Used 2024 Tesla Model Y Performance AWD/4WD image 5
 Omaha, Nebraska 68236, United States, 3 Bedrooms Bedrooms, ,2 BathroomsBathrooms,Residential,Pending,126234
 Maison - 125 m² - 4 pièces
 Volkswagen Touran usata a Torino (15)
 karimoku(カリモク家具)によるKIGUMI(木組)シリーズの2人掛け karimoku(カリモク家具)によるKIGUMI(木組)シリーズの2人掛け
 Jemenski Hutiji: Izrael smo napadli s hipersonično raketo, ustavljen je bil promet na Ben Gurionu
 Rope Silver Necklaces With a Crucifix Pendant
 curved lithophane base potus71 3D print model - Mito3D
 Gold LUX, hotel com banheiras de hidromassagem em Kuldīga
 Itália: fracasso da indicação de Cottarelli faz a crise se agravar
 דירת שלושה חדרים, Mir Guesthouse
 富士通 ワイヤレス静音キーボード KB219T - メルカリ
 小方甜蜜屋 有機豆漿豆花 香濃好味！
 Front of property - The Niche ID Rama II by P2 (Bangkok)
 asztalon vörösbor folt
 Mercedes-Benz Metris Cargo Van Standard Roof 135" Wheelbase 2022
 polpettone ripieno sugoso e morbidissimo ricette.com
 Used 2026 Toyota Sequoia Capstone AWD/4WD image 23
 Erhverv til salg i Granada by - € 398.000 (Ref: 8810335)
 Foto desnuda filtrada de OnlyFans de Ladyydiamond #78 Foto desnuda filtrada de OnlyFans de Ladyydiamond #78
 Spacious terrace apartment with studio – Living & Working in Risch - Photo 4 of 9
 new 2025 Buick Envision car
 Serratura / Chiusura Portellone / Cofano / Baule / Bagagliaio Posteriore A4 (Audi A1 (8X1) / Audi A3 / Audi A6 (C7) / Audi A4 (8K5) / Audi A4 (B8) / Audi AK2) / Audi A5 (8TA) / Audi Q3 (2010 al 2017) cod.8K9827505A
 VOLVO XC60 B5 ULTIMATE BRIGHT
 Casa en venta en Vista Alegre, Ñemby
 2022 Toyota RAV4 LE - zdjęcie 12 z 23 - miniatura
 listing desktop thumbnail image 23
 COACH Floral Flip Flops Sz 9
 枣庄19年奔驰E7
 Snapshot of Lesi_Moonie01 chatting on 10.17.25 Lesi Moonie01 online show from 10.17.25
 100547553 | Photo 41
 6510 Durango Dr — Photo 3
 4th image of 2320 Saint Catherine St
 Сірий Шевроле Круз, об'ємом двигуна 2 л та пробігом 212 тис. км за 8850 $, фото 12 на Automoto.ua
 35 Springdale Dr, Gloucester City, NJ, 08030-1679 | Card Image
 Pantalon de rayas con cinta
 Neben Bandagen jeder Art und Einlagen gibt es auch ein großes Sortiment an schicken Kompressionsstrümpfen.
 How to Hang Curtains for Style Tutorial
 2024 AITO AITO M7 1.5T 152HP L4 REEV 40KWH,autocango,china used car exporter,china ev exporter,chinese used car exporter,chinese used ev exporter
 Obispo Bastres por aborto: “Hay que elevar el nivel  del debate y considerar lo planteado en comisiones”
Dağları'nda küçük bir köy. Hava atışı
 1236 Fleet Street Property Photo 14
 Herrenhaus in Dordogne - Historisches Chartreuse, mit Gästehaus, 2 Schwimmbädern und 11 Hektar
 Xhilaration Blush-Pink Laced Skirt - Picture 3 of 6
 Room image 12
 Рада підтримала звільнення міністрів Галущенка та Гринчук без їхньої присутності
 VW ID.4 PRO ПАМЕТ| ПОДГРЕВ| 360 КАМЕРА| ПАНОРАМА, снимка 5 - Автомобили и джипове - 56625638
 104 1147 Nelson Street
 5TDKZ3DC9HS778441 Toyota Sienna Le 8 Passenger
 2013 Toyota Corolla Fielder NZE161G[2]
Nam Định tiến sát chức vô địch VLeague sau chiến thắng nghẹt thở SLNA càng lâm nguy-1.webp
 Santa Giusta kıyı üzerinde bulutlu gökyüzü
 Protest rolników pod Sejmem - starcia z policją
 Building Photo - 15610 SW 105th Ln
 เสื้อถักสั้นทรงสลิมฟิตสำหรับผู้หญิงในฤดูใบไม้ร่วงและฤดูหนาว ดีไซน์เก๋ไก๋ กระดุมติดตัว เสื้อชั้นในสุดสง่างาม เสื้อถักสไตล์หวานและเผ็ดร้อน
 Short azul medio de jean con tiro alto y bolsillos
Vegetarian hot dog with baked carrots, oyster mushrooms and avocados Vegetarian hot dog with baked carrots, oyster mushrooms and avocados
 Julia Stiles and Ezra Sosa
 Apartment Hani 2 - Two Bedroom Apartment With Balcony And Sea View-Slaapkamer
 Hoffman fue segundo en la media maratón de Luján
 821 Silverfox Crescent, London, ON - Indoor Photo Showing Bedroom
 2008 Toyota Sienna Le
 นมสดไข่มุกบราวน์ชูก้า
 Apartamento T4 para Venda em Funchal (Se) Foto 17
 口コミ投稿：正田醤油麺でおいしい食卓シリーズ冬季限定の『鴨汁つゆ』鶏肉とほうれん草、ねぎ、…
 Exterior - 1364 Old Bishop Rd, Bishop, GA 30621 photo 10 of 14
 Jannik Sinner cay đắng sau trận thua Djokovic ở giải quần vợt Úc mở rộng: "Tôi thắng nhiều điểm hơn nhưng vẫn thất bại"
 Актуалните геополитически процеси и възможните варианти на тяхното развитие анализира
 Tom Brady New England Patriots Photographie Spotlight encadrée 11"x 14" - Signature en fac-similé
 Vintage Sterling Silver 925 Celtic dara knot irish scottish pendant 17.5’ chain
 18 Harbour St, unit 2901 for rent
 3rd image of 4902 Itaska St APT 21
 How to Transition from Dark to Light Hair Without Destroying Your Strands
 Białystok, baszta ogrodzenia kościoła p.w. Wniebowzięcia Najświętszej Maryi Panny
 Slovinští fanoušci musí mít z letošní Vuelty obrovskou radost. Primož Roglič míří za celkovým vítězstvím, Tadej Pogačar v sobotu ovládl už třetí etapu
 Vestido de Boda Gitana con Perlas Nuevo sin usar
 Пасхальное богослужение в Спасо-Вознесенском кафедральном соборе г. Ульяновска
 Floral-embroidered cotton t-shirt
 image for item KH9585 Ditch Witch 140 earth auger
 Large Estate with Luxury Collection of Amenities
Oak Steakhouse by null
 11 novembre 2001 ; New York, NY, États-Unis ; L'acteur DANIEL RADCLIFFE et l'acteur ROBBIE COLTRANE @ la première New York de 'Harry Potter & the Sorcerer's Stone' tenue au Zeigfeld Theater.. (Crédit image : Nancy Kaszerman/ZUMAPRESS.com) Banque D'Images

Exercise aim> In the reply, include exactly the lines from the beginning of the entries above through the line holding "小方甜蜜屋 有機豆漿豆花 香濃好味！", and nothing besides.

Answer space>
Used 2024 Tesla Model Y Performance AWD/4WD image 5
 Omaha, Nebraska 68236, United States, 3 Bedrooms Bedrooms, ,2 BathroomsBathrooms,Residential,Pending,126234
 Maison - 125 m² - 4 pièces
 Volkswagen Touran usata a Torino (15)
 karimoku(カリモク家具)によるKIGUMI(木組)シリーズの2人掛け karimoku(カリモク家具)によるKIGUMI(木組)シリーズの2人掛け
 Jemenski Hutiji: Izrael smo napadli s hipersonično raketo, ustavljen je bil promet na Ben Gurionu
 Rope Silver Necklaces With a Crucifix Pendant
 curved lithophane base potus71 3D print model - Mito3D
 Gold LUX, hotel com banheiras de hidromassagem em Kuldīga
 Itália: fracasso da indicação de Cottarelli faz a crise se agravar
 דירת שלושה חדרים, Mir Guesthouse
 富士通 ワイヤレス静音キーボード KB219T - メルカリ
 小方甜蜜屋 有機豆漿豆花 香濃好味！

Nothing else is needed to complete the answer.